**Problem description:** Only the lines below between the ones containing "emily-86's Live Sex Cam Show" and "2025 Hyundai Elantra Image 23", inclusive, are to be reproduced, each exactly as it stands.

**Listed records:**
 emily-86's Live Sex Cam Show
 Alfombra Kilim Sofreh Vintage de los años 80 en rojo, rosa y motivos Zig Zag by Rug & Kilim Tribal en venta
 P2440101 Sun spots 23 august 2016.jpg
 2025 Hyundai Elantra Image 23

* * *

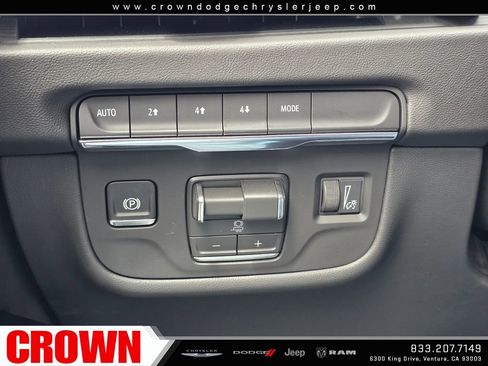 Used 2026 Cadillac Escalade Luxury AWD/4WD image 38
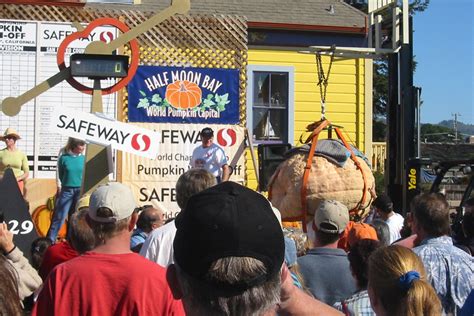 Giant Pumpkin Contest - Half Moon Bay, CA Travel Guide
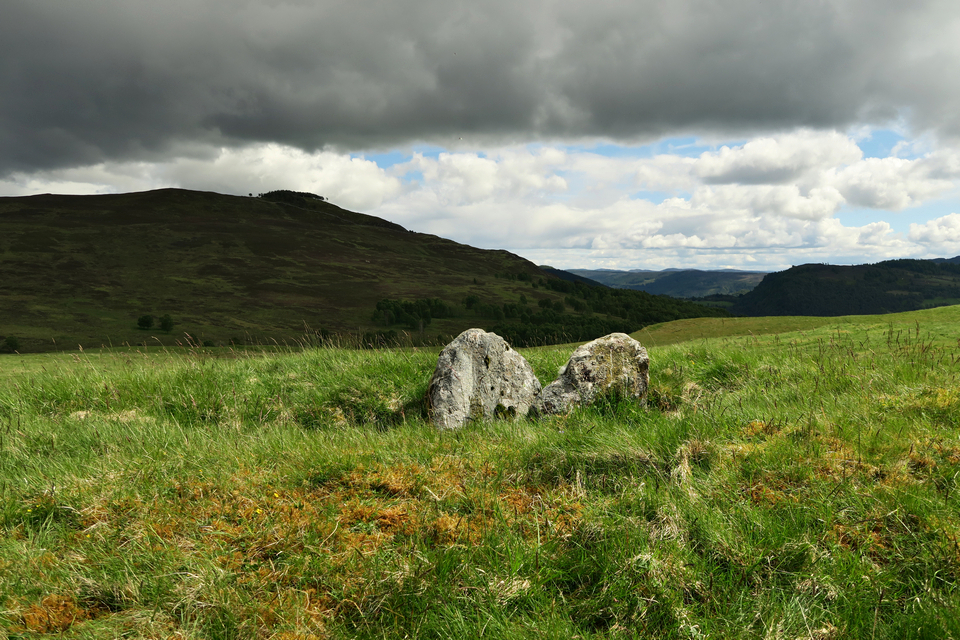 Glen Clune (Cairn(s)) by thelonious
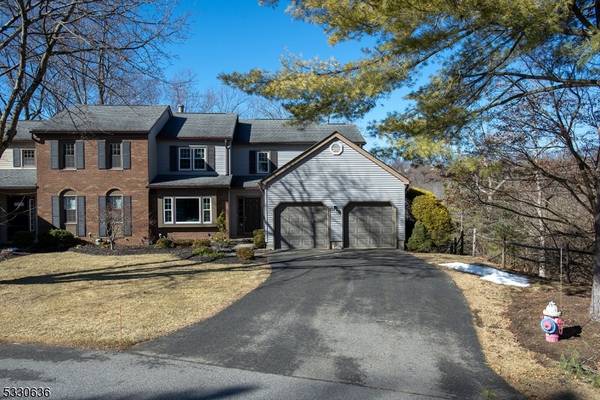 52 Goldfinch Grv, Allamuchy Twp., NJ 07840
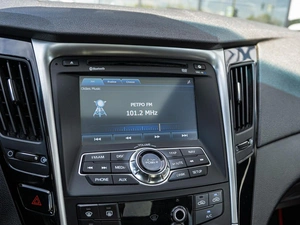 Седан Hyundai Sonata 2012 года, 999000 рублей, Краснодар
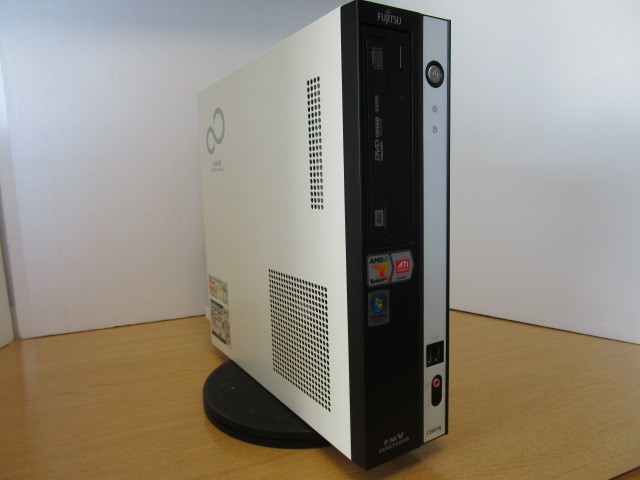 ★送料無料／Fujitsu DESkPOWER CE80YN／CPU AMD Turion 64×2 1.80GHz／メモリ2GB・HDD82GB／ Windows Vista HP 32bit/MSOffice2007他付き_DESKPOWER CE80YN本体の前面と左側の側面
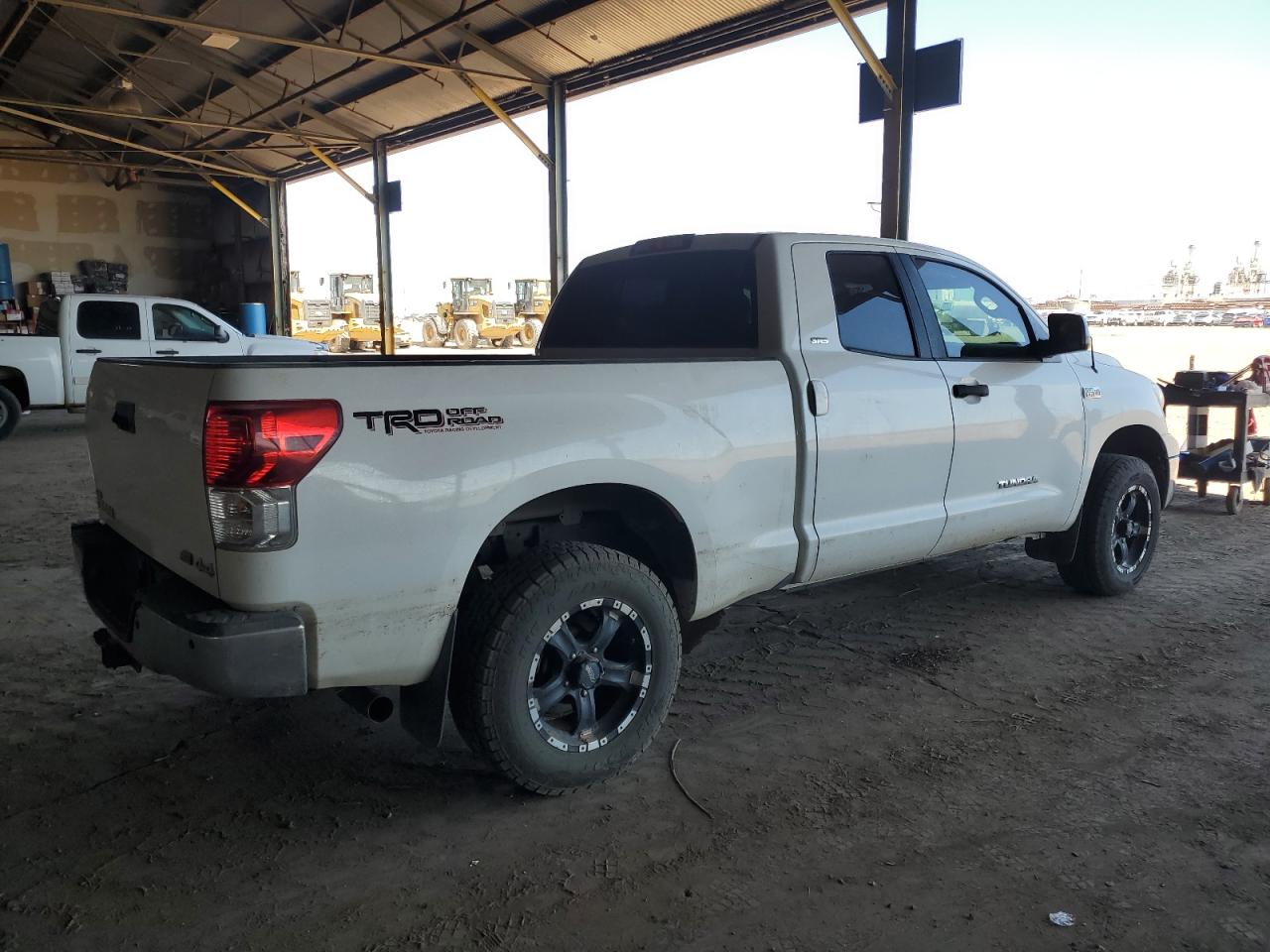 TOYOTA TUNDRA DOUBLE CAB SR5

**Written solution:**
 emily-86's Live Sex Cam Show
 Alfombra Kilim Sofreh Vintage de los años 80 en rojo, rosa y motivos Zig Zag by Rug & Kilim Tribal en venta
 P2440101 Sun spots 23 august 2016.jpg
 2025 Hyundai Elantra Image 23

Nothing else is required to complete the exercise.